It's a curious phenomena of our culinary times that so much food invented to eat standing up is being served in places where you pay to sit down.
Check the menu. Does it include the words "authentic" and "alleyway"? Can you order things on sticks and stuff stuffed with other stuff? You are almost certainly in a street-food eatery. Expect flavours synonymous with countries that enjoy year-round warmth, repackaged and sold at prices that reflect restaurant heating bills.
At Sen Vietnamese Kitchen and Bar, I suspect that bill is huge. This is a very large space. The night we visited they were only utilising the upstairs, but even that was vast.
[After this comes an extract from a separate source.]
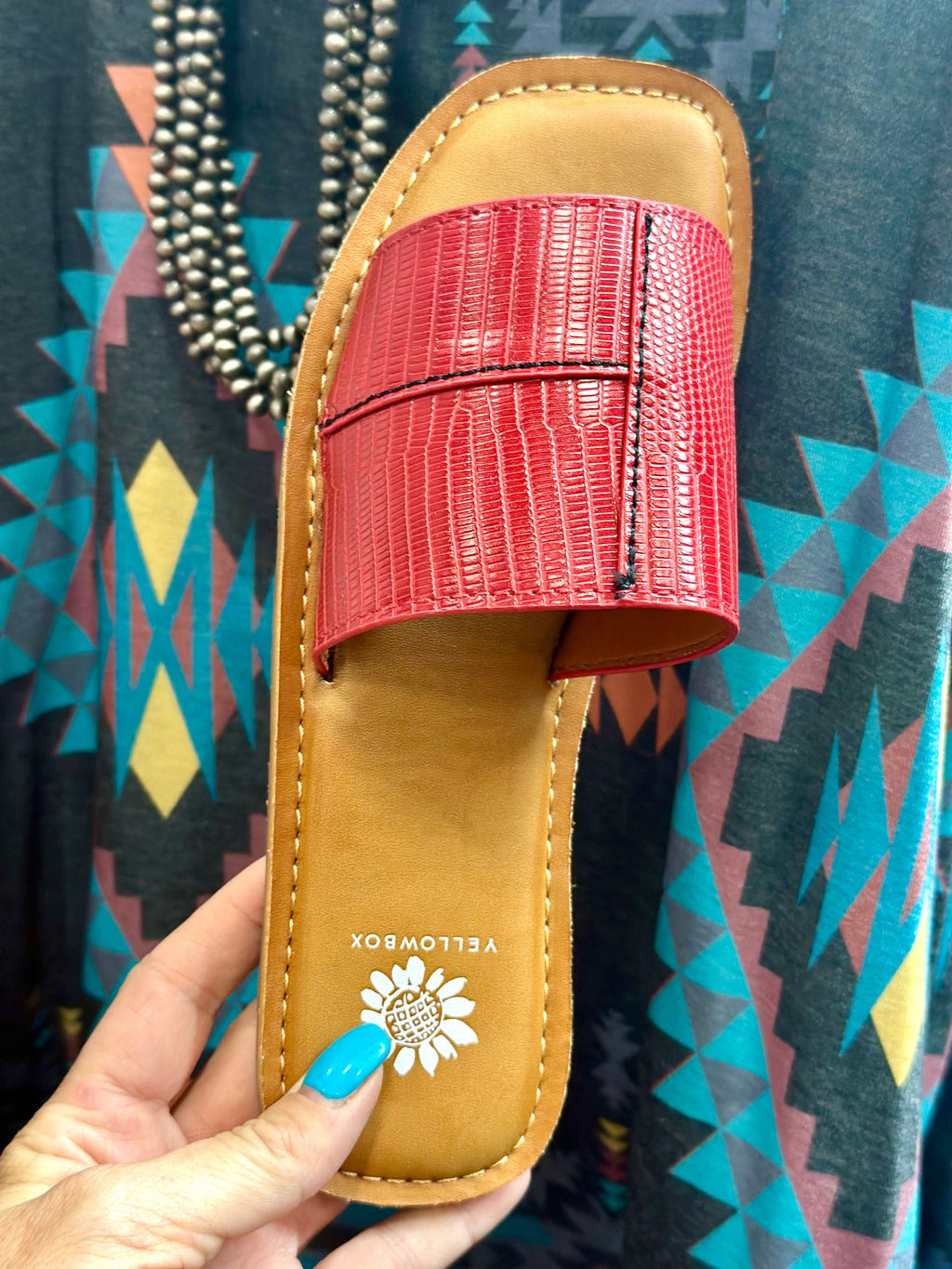 The Caliente Red Slide Sandal Shop Envi Me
In this restaurant within a restaurant, we took banquette seats by the balcony ("Discombobulating," said Bryan, as he peered down through the perspex railing) and started with summer rolls. They were okay - $14 for four, slightly dry on the ends, and lacking zing inside. Lemongrass skewers ($4.50 each) were far more successful, with the citrus flavour of the herb fully permeating the splodge of pork mince wrapped around its length.
Our favourite starter was the Vietnamese pancake ($16.50). The batter, traditionally made with rice flour and coconut cream, managed to be both fluffy and crispy and there was enough pork and prawn filling to ensure our table of four got a decent taste each.
A pause between courses while I try to think of the right word to describe the service. Refreshing? Unfiltered? Bryan was thrilled to be referred to as a "sweetheart" and "young man". The instruction to "hang on to your knickers" when our mains arrived was probably apt, given how much food we'd ordered.
You could have a reasonably cheap night here if you stuck to the $19.50 end of the mains menu - spicy lemongrass chicken or grilled pork, served with a small pile of thin rice noodles. The latter was mystifyingly tender until I realised that some of the meat was actually flattened pork mince patties (seriously tastier than that sentence reads).
The soft-shell crab ($27.50) definitely needed its tamarind sauce accompaniment to cut a greasy mouthfeel; in contrast, some of the chunks in the clay pot pork belly ($23.50) lacked essential fat.
Dish of the night was definitely the $26 "shaking beef" that hit bitter and sweet notes via oyster sauce and a bed of thick-stemmed watercress.
The menu includes six vegetarian options, including the lotus stem salad ($14.50) we added to our order. It was texturally interesting, but I wanted more mint. Maybe the menu was suffering seasonal malaise, but actually, I wanted more fresh mint-coriander-lime-etc, across the board.
We got one of everything on the dessert menu and there were two stand-outs: a really toothsome $12 black rice pudding and a $10 glass of "lotus" pudding (we'd already been warned the lotus seeds had been swapped for passionfruit) that was light and creamy, sweet and tart.
The young fellow finished with a green tea, and we scraped our plates clean. Lucky we were wearing stretchy knickers.